### Requirement
Lines before the one containing "A bathroom with" are not copied; that line and every one after it, through the end of the material below, are printed exactly, without pictures.

### Data section
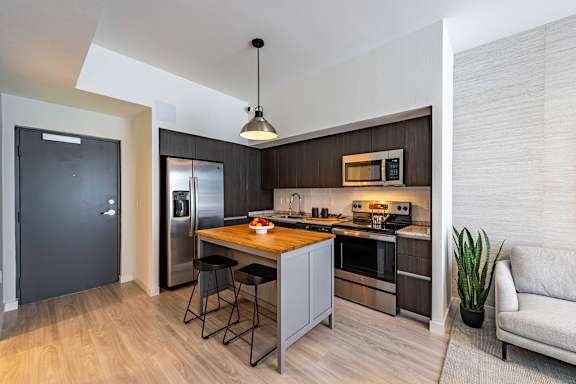 A modern kitchen with a breakfast bar and a couch.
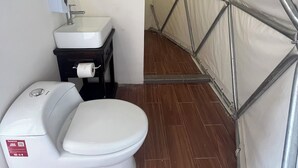 A bathroom with a toilet, sink, and mirror. - Glamping Cholula (San Pedro Cholula)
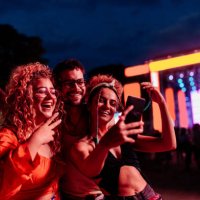 friends take selfie at a concert night. - concert stock pictures, royalty-free photos & images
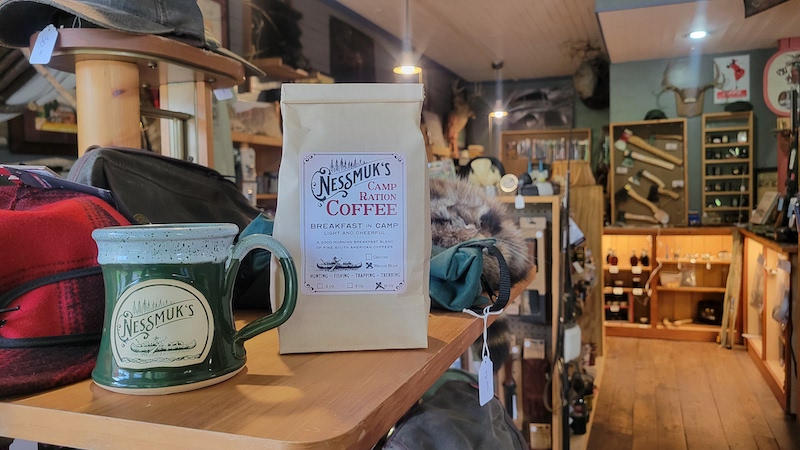 green coffee mug sitting on a retail shelf in a sporting goods store next to a bag of coffee beans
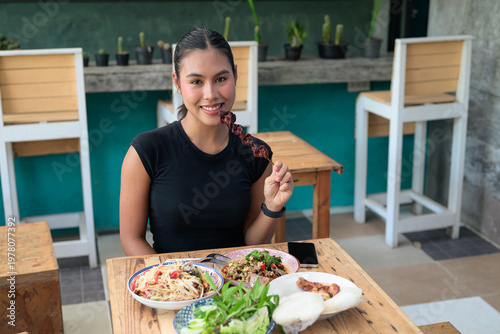 Canvastavla Young Thai Woman Eating Grilled Liver Skewer with Traditional Isan Food at Outdo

### Solution
 A bathroom with a toilet, sink, and mirror. - Glamping Cholula (San Pedro Cholula)
 friends take selfie at a concert night. - concert stock pictures, royalty-free photos & images
 green coffee mug sitting on a retail shelf in a sporting goods store next to a bag of coffee beans
 Canvastavla Young Thai Woman Eating Grilled Liver Skewer with Traditional Isan Food at Outdo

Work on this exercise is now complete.